Allow RS/RE blocks to nest. This requires first the syntax tree to
accomodate for the fix, then for the front-ends. -T[x]html accepted the
syntax tree natively, but -Tascii had to use relative offsets. It's
quite a simple fix.
Add back in a check that the leading `-' exists for arguments. This
mysteriously disappeared in 1.14. No idea why. While here, remove an
unnecessary header and order the function prototypes.

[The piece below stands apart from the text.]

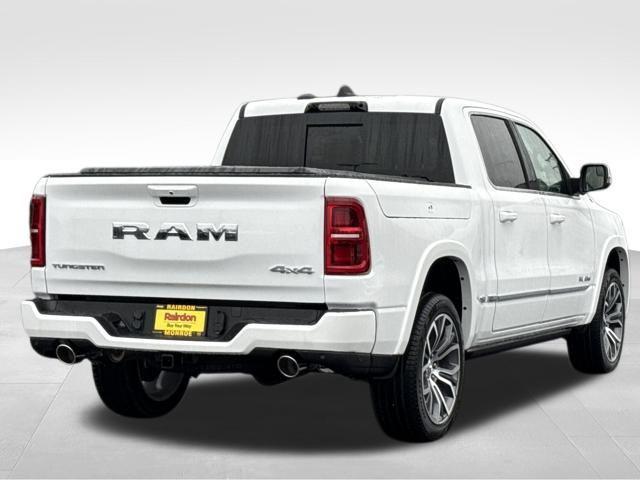 new 2026 Ram 1500 car, priced at $90,395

Fix an assertion failure raised by the following interesting scenario: a
auto-opened `It' (i.e., a column list with a free-text first line) with
leading spaces in the line triggering assertion when searching for
arguments.
This led to a fix giving a nice performance speed-ups (a few percent,
with some quick trials): the search for flags immediately exits if the
macro has no flags, instead of having to first parse the leading word
then look it up. I also cleaned up the argv parsing stuff a little bit
and added more documentation.
Fix some bad bits in the mandoc manual: `Xr' instead of `Sx', unescaped
stuff that should be escaped, and a style matter or two. Pointed out by
Jason McIntyre, thanks!
preconv is now on encoding-recognition parity with groff. This last
commit adds parsing of "File Variables" in the first two lines in order
to grok the encoding. This completes groff's recognition sequence (-e,
BOM, File variables, -D, default). I've also cleaned up the manual to
indicate this and for some general readability.
preconv is now compiled by default in the Makefile.
Significantly improve preconv. Allow it to recode UTF-8 characters into
the \[uNNNN] strings (taking into account big-endian archs). Also allow
it to determine from the BOM whether it's a UTF-8 file. Also add the
initial manual. This has been tested over a random selection of UTF-8
documents, as
% preconv -e utf-8 foo.1 | ./mandoc -Tlocale
where -Tlocale is allowed (-DUSE_WCHAR).
Note that we're still missing the "type" indicator that preconv accepts.
If a predefined string is missing, emit a warning and make it an empty
string instead of passing it along to libmdoc/libman (where it'll be
printed verbatim, now). This is what groff seems to do, too (of course
without a warning).
It's annoying that we don't have preconv, so throw together a quick
version and let it grow in-tree. Right now, this only supports the
Latin-1 and US-ASCII encoding. I'll do UTF-8 next. It's
call-compatible with GNU's preconv although I don't do fancy stuff like
BOM or header check. This will come. I used read.c's file-grokking
code.
Use the correct Unicode value for the zero-width space, which means that
spec2cp never needs to fall through to spec2str. Then clean out html.c
of its unnecessary print_res() function.
Remove predefined strings from the chars.in file, as they're now local
to predefs.in. This also makes "BOTH" entries directly into CHAR. The
res2str and spec2str are now effectively the same function.
Most important move in getting predefined strings entirely contained
within roff.c. These are now grokked from a table in the roff
allocation routine and rest in the newly-created predefs.in (for
consistency with chars.in). This is a first implementation and will
likely be optimised along with the ds/de lookup table itself.
This allows mandoc-defined predefined strings to be correctly removed or
whatnot; earlier they couldn't. What will follow is the stripping-away
of all predefined-string crud in the other parts of the system.
Have conditional closure for both text and macro lines call through to
ccond(). Fix the text handler to behave like the macro handler
regarding escaped \}. Make \} actually become a zero-width space, too,
and clean up the documentation in this regard.